-- Short descriptive text snippets --
/---

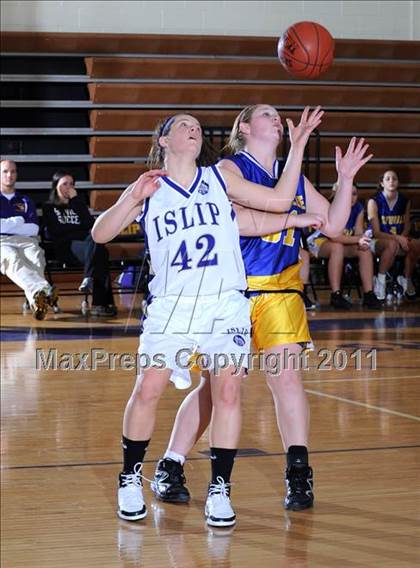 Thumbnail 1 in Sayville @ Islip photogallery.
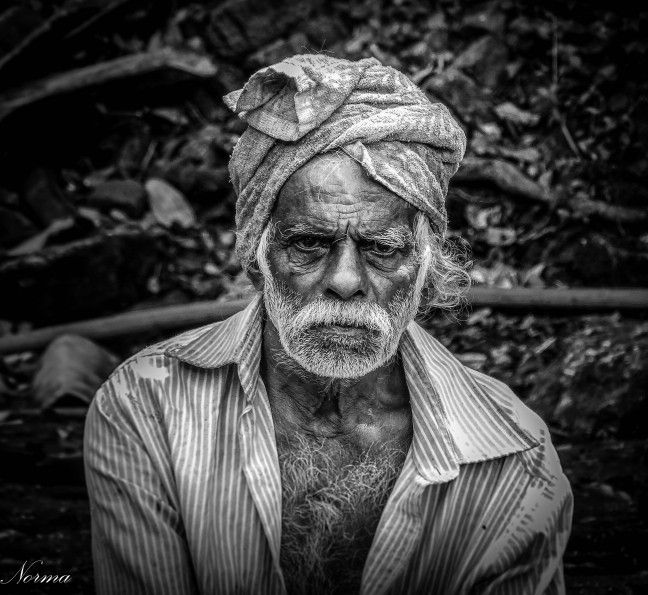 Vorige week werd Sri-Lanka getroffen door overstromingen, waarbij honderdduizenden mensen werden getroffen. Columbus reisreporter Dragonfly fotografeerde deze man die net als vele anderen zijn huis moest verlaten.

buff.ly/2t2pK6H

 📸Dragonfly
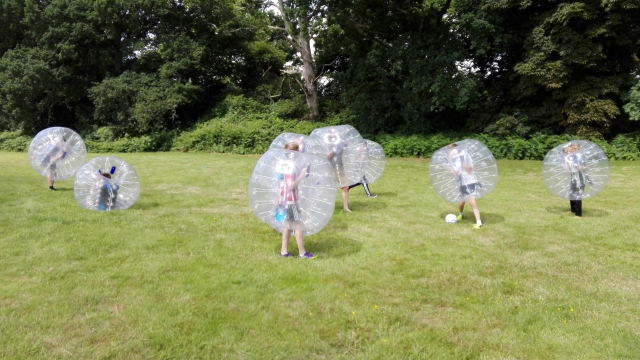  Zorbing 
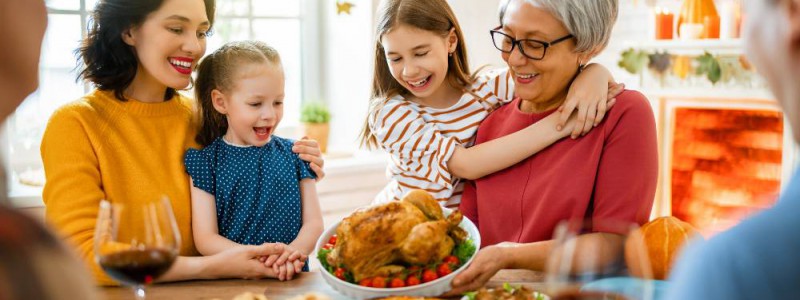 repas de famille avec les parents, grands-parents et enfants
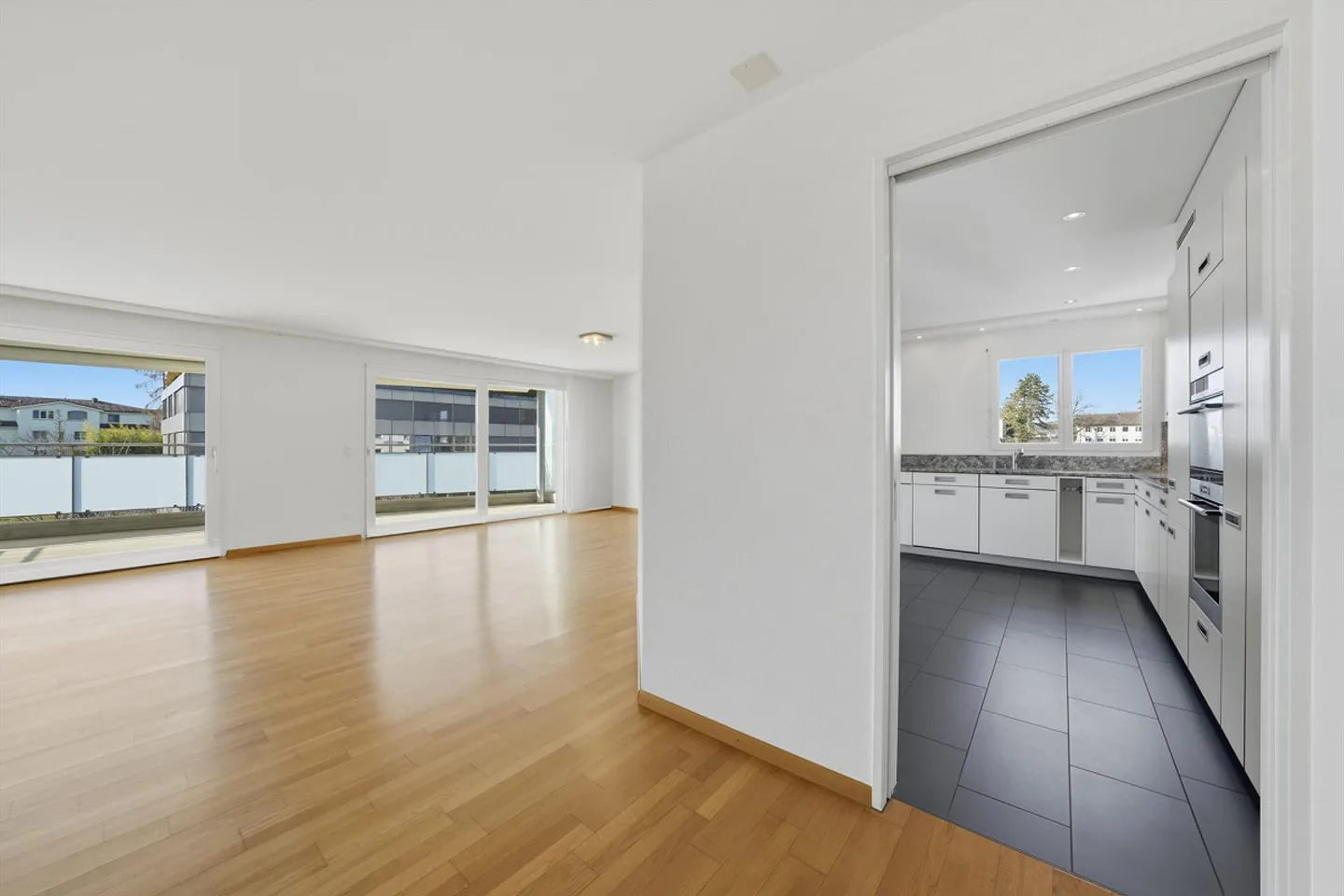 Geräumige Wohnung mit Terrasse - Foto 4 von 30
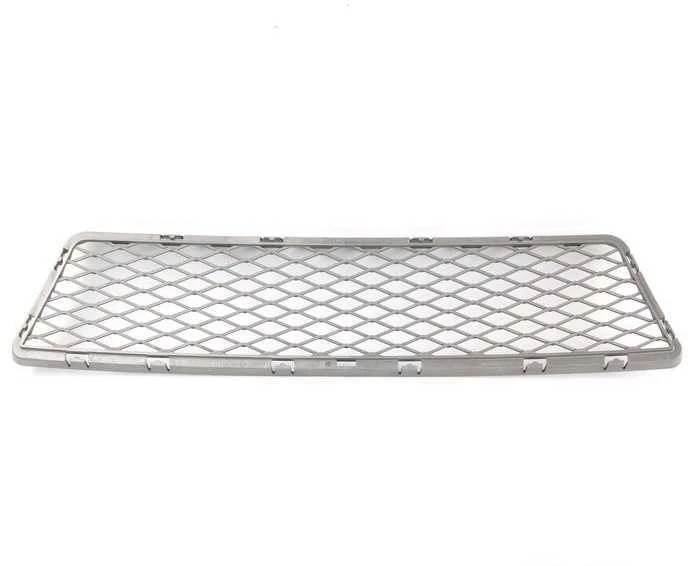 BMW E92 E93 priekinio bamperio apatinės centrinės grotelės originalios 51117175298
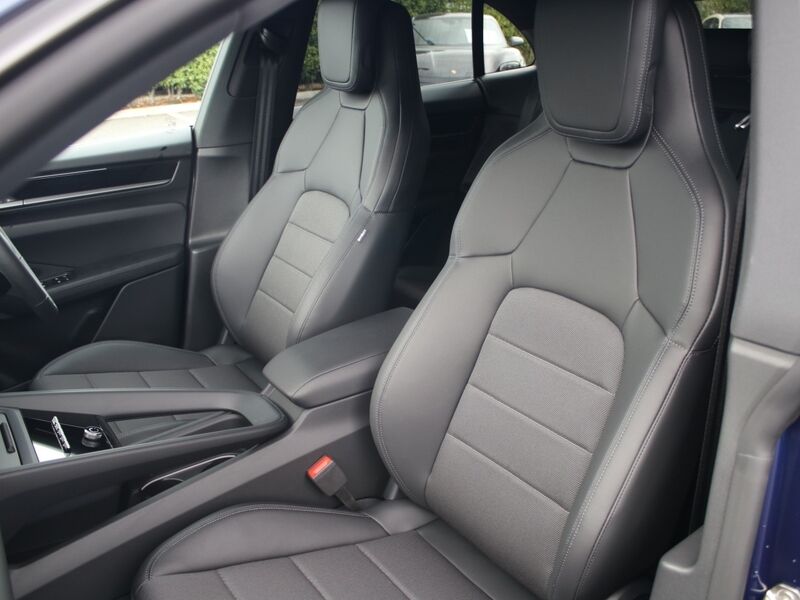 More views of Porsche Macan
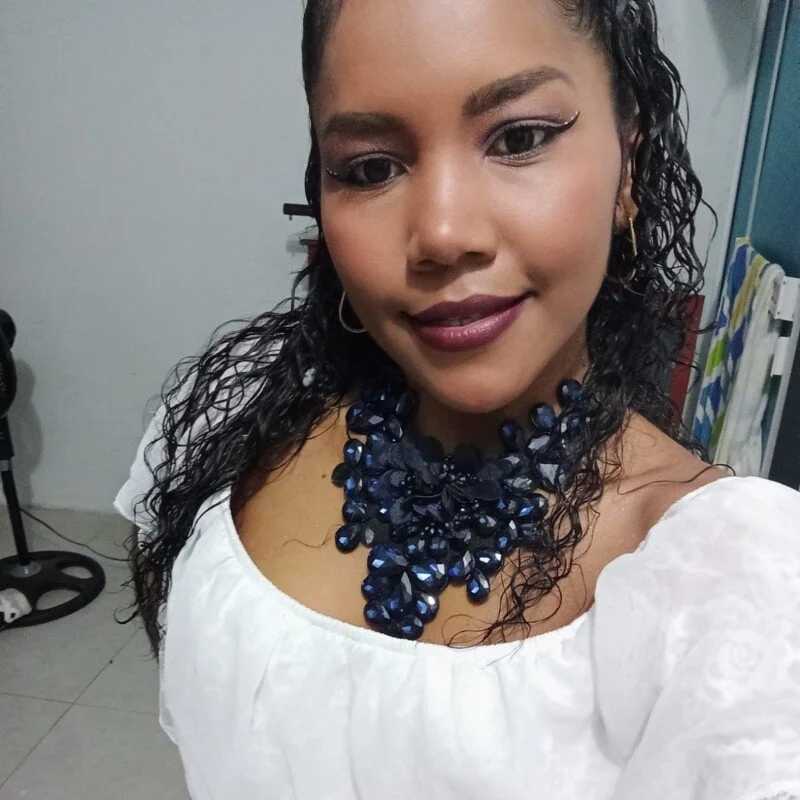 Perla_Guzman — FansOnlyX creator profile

\---

-- Task statement --
Your output should consist solely of the lines from the line containing "More views of Porsche Macan" through the last line of the entries, verbatim, minus any pictures.

-- Exercise result --
 More views of Porsche Macan
 Perla_Guzman — FansOnlyX creator profile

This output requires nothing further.